EXCERPTED DATA =
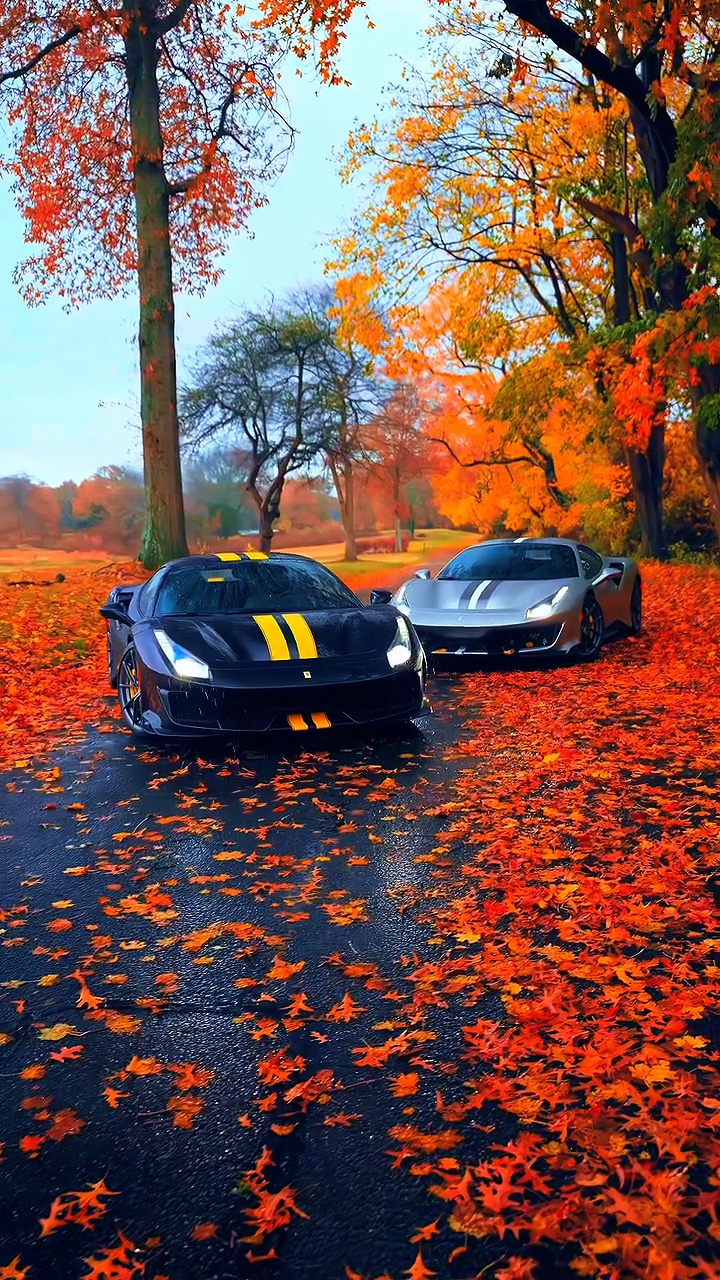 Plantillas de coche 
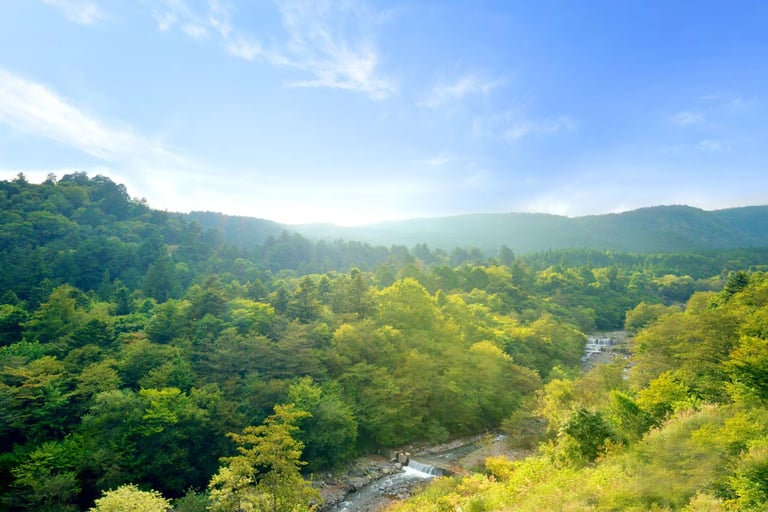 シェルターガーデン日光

* * *

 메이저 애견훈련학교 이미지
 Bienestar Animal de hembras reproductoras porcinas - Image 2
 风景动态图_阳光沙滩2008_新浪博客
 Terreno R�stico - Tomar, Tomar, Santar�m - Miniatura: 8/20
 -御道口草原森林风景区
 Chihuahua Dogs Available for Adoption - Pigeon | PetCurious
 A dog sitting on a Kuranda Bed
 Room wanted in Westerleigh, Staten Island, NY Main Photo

ABOUT THIS EXERCISE =
Reproduce the lines above, beginning at the line with "Terreno R�stico - Tomar, Tomar, Santar�m" and stopping after the line with "Room wanted in", exactly as they are.

RESULT OF THE EXERCISE =
 Terreno R�stico - Tomar, Tomar, Santar�m - Miniatura: 8/20
 -御道口草原森林风景区
 Chihuahua Dogs Available for Adoption - Pigeon | PetCurious
 A dog sitting on a Kuranda Bed
 Room wanted in Westerleigh, Staten Island, NY Main Photo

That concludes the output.